Home in Indiana
Henry Hathaway's Home in Indiana is a nice unpretentious family film from 1944 that centers on harness racing. Walter Brennan and Charlotte Greenwood adopt troubled youth Lon McCallister and he returns the favor by reviving their equine stables. Jean Haver and Jeanne Crain are on hand to provide a romantic dialectic for McCallister. Ward Bond is on hand for solid support. Hathaway displays his usual no nonsense craftsmanship and the technicolor lensing by Edward Cronjager is pleasant. Bonnie Cashin's costumes are shown to particular effect in a dance scene where the two female leads get to jitterbug.
The three leads are at the beginning and height of their careers. McCallister never reached the stature of an Alan Ladd or Mickey Rooney and stopped appearing in films after 1953. Crain was a limited performer, but is appealingly wide-eyed and pigtailed here. A hayloft scene with her and McCallister is a nice idyll. June Haver only appeared in fifteen movies and is largely forgotten today, but here Fox was trying to build her into the new Grable. She is adequate as eye candy and gets to show her background as a singer by trilling a few bars as she makes her entrances.

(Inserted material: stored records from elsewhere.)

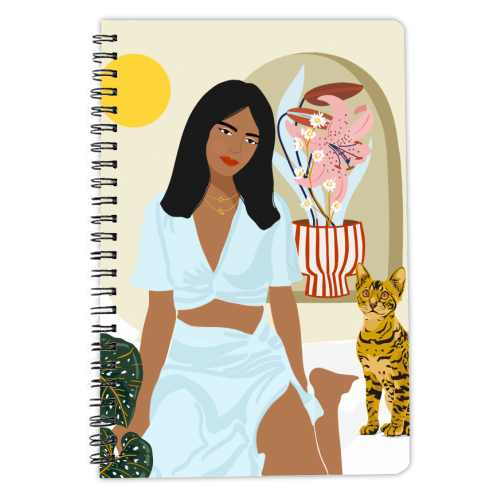 Except You, All That I Need Is Right Here With Me - personalised A4, A5, A6 notebook by Uma Prabhakar Gokhale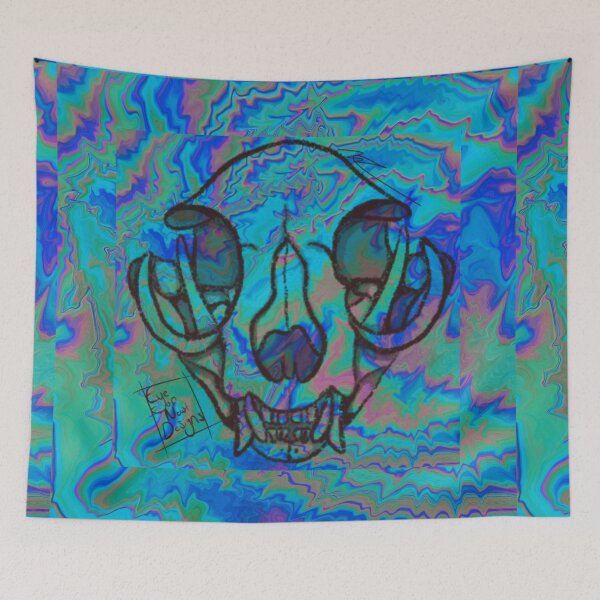 Item preview, Trippy Raccoon Skull designed and sold by Eye of Newt Designs.
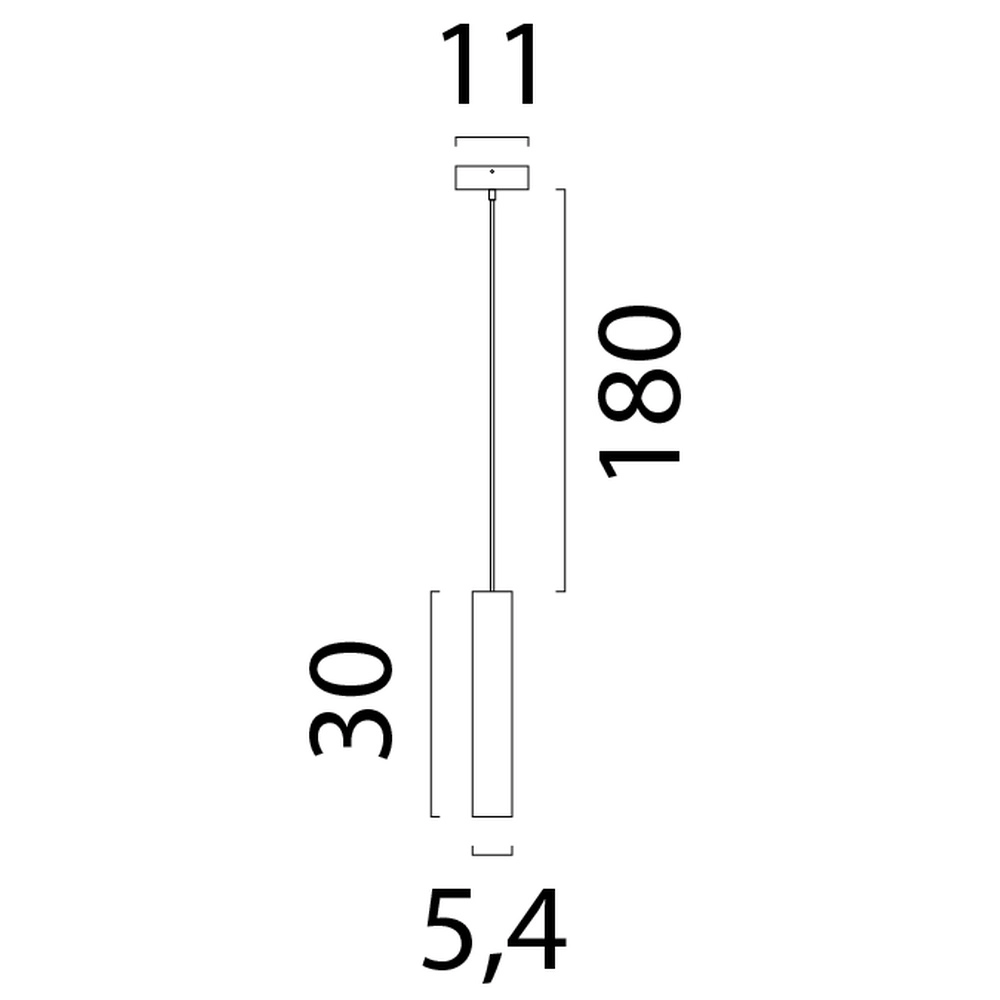 Pendellampe 30 cm Pendellampe Run Mattes Gold Masterlight 8718121258775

Hathaway's direction is both slack and stimulating. Exposition scenes are a chore to sit through. However, the quick lateral pans that introduce the settings and close-ups of a drunken Brennan's feet convey that Hathaway kept his hand in the game. The film's racial typing is benignly pernicious, but Sam McDaniel and Willie Best are able to add a second dimension to their characters. Hathaway made a number of diverting entertainments that never aspire to artistry.